Você já pensou quais sacrifícios está disposto a fazer? Não, a pergunta não é se está disposto a fazer sacrifício, não fazê-los não é uma opção...

Quando nos tornamos mães estamos abrindo mão de várias coisas. Começa ainda na gravidez com o seu bem-estar, com o seu corpinho de miss, com o choppinho no fim de semana. Depois sacrificamos as noites de sono, as viagens, as saídas com os amigos... Cada caso é um caso, mas todo mundo precisa sacrificar algo. Pode ser, por exemplo, que você não tenha sacrificado a saída com os amigos, que você leve seu bebê ao barzinho ou à casa dos amigos e entre a madrugada batendo papo com eles.
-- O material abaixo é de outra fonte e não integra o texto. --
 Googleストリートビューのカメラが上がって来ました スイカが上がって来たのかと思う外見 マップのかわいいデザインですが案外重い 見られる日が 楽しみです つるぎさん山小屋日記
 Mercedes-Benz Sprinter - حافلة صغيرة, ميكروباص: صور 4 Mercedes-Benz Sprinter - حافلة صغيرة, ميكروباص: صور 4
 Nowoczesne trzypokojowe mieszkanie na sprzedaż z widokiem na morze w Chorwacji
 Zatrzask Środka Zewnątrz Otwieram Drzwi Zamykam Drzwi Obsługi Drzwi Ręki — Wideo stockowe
Mas provavelmente vai sacrificar a sua disposição no dia seguinte, ou pelo menos o tempo da manhã que vai ficar dormindo enquanto seu filho fica com a babá. Pode ser que para você abrir mão de dormir até as 10h no domingo não seja nada, assim como pode ser que você queira morrer quando seu filho te chama às 6h da manhã.

Mas não é só como mães que precisamos aprender a fazer sacrifícios. Vou dar outro exemplo: digamos que você começou a engordar nos últimos anos. Algo será preciso sacrificar... Pode ser que baste cortar o açúcar do café, ou que você precise dedicar algum tempo para ir à academia. No começo o sacrifício pode ser pequeno, mas sem ele a situação pode ficar cada vez pior, aqueles poucos quilos por ano vivarão muitos depois de 10 anos. Esses muitos quilos podem acabar com a sua saúde e no final o sacrifício pode ser uma cirurgia ou mesmo uns anos a menos de vida. E isso acontece em todos os âmbitos da vida.

Um amor que fez a vontade de querer
um mundo melhor ser mais urgente.

E por que falar disso num blog sobre maternidade?

Se já é certo que teremos que abrir mão de algumas coisas, não é melhor fazer isso conscientemente? Hoje eu penso no que estou sacrificando e em prol de que? Algumas coisas não temos muita opção, como passar a noite em claro quando o filho está doente. Mas na forma de educá-lo eu posso escolher. Posso escolher dedicar um tempo ao meu filho, conversar com ele quando faz algo errado, pensar e repensar como estimular ou corrigir alguma conduta dele, refletir sobre como as minhas atitudes refletem na vida dele. Se não dedicar esse tempo a ele eu posso escolher a palmada. A princípio pode parecer que eu não estou sacrificando nada, mas qual o sacrifício que terei que fazer no futuro? Talvez intermináveis reuniões com os professores que tentam convencer meu filho que bater nos outros não é solução, talvez sacrifique o carinho que ele tem por mim, que será substituído pelo medo, talvez sacrifique sua inocência.

Entendo que os sacrifícios são pesados quando não sei o resultado que me trarão. Eu optei por sacrificar um pouco do meu tempo ocioso para pensar. Pensar em mim e como ser melhor a cada momento, pensar no meu filho e como oferecer o melhor para ele, pensar em minhas atitudes e como elas refletem no mundo de hoje e de amanhã. Eu quero um mundo melhor e cada vez mais vejo que tenho que fazer algo para que isso aconteça. E nada melhor do que começar pelo meu mundo.

E você, quais sacrifícios está disposto a fazer?